Your thumb flips the stem-nub off with just enough resistance to tell you that this alligator pear is  nott en-rotten, the  your other hand sinks knife through skin and down-to the ridiculous testiculous seed of this most cyclopian scrotumly of fruit-packets. Cut the Greenwich and it's opposite longitude, pull half the fruit off and swack the blade into said seed, then twisting to remove it from remaining half. Fling it wherever suits you.


Then you cut slices onto a plate. Splash some hot sauce (Ingredients: water, chiles, salt, vinegar--anything more is an abomination), and squeeze some lime (from a fruit, dammit! Not an abominalous plastic thingy). Yumm. Hot-tangy slipperyous goodness. Healthier than pork-fat, and nearly as tasty.

 

Wednesday, March 21, 2012

Spring Garlic




Garlic pokes up through colder ground and shorter days than a lot of its garden compadres. Even in my yard's procrastinating Spring, only a day after Equinox, the vee-creased shoots are ankle high. This is in a new bed enriched with fireplace ash, maybe a hundred or so plants. There are a few odd rows here and there in the yard, and of course a few heads I missed last fall sprouting green tonsures.


Contrary to the Fall-planting orthodoxy, I pulled up and split up some of the volunteer knobs, replanting willy nilly just a couple of weeks ago. Others I let be until a hankering for scallions or scapes, maybe an autumnal bulbil, brings me back. Freebies for the rest of the year, with the extra spice only disorthodoxy can summon.

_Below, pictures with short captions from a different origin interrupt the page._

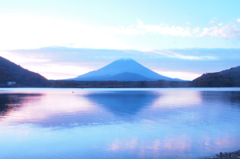 精進湖からの富士山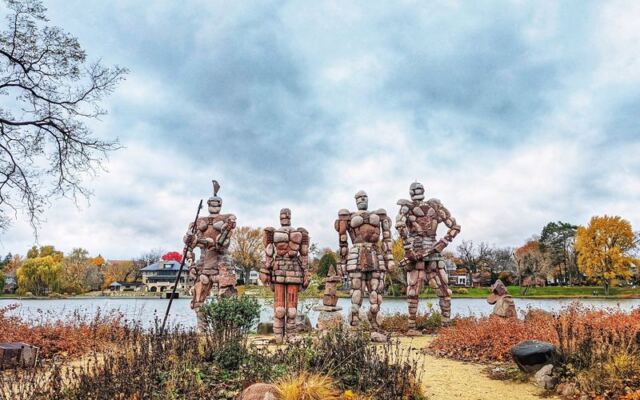 These Giant Stacked-Boulder Sentinels Rise Beside An Illinois River As A Wonder Most People Miss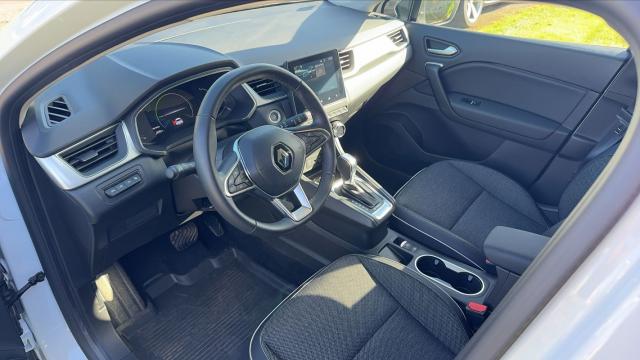 Renault Captur image 1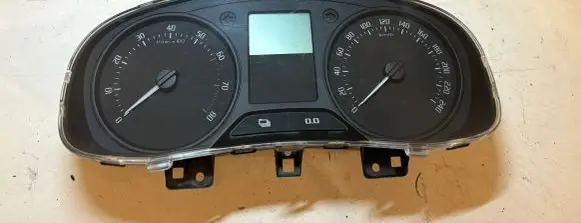 Skoda Fabia Mk2 (5J) Speedometer (instrument cluster) 5J0920800H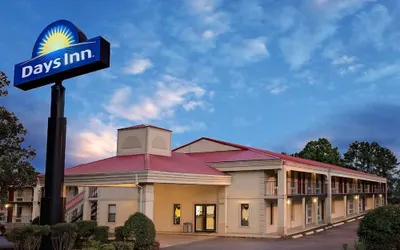 Days Inn by Wyndham Cleveland TN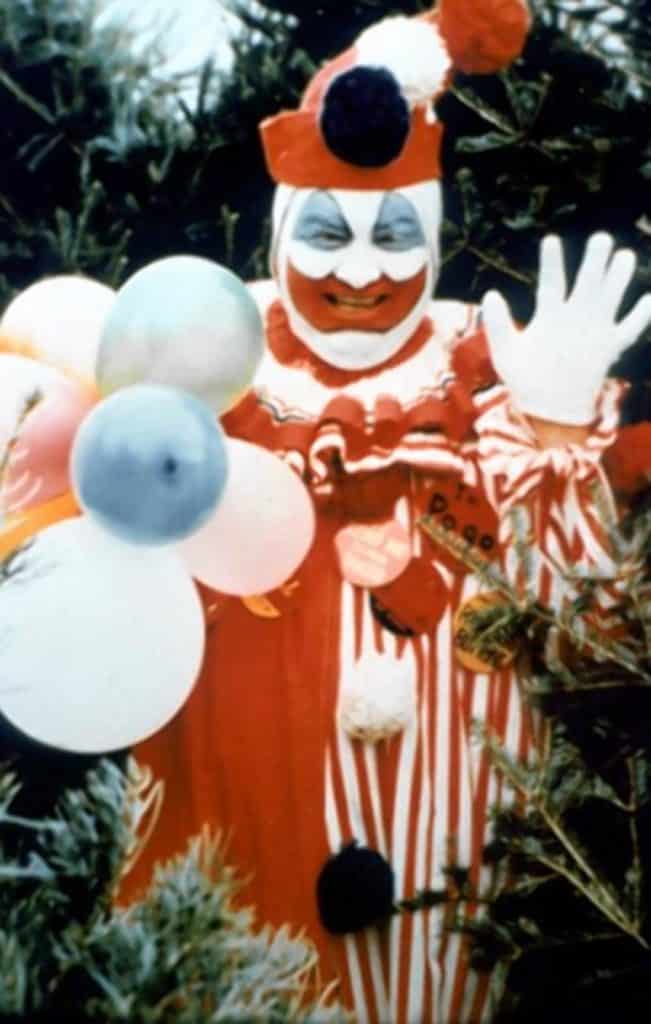 Palhaço assassino: a tragetória do serial killer john wayne gacy 9 Pogo, o palhaço assassino mundo sombrio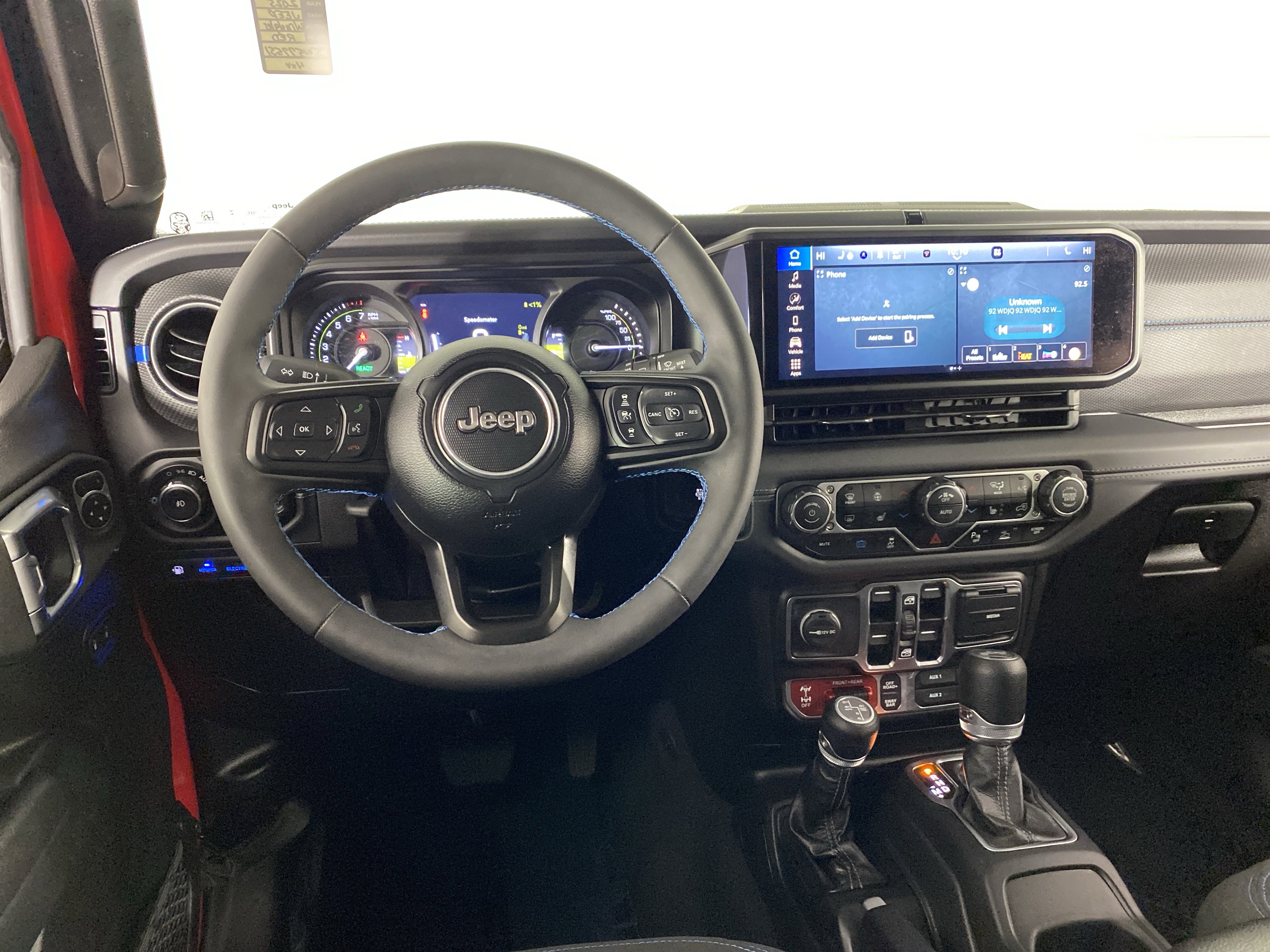 Used 2025 Jeep Wrangler Unlimited Rubicon 4xe w/ Safety Group AWD/4WD image 34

Meanwhile, inside the house, the cloves awaken. As soon as the mature heads are pulled from the soil, garlicians struggle to make them last as long as possible. A cool dry garage and some jars of olive oil did the trick this year. At least until the Solstice, when even under roof and Winter's cloudy grey, the cloves hear the call of the lengthening days and begin their six-month stretch. Either I've selected better keepers or I was lucky this time around, because by this time in previous years, all the dry stuff had long since decided to be a new plant.

The last of the dried cloves, just now sprouting, don't inspire foodies. They're yellowing and getting a little soft; the only crisp part is a green shoot through the heart of each one, reaching out the top for light. Meanwhile, at the other end, octopodic roots begin to reach out, hoping to get their tentacles into some soil. Some people would plant them, others (under the thrall of Autumnist dogma?) would waste them, or at best relegate them to the compost. 


But being frugal, I use them up. Sliced, each piece is an eye with a green pupil, a look I like. Then again, doing nothing more than peeling them (easy, at this late stage) and tossing them in whatever happens to be in the works works as well. A recent desire to cut out the chemicals and other afflictions of canned beans, I've been buying them dried, and cooking them in a crock pot. A head of past-prime garlick cloves added to this gestation is a fine and nearly effortless addition. I will end this entry with proof, in the form of another of my so-simple-it's-not-even-a-recipe recipes:

Crocked Garlic and Beans

  • Clean and rinse 1 pound of dried beans
  • Peel however much garlic you want
  • Put it all in a crock-pot with water
  • Turn it on
  • Wait

While you are waiting, decide whether you want to add anything else. You'll have hours to think of extra ingredients, such as: beer, salt, schmaltz, celery,... You should probably stop obsessing about bean cuisine right about now. It's unbecoming of simple staples, which have humble souls that are put off by high-falutingness (but tolerant of flatusness). Just let 'em cook until you are satisfied with their mushiness. And turn whatever epicurean inspiration that might strike toward something to go with your crock o beans.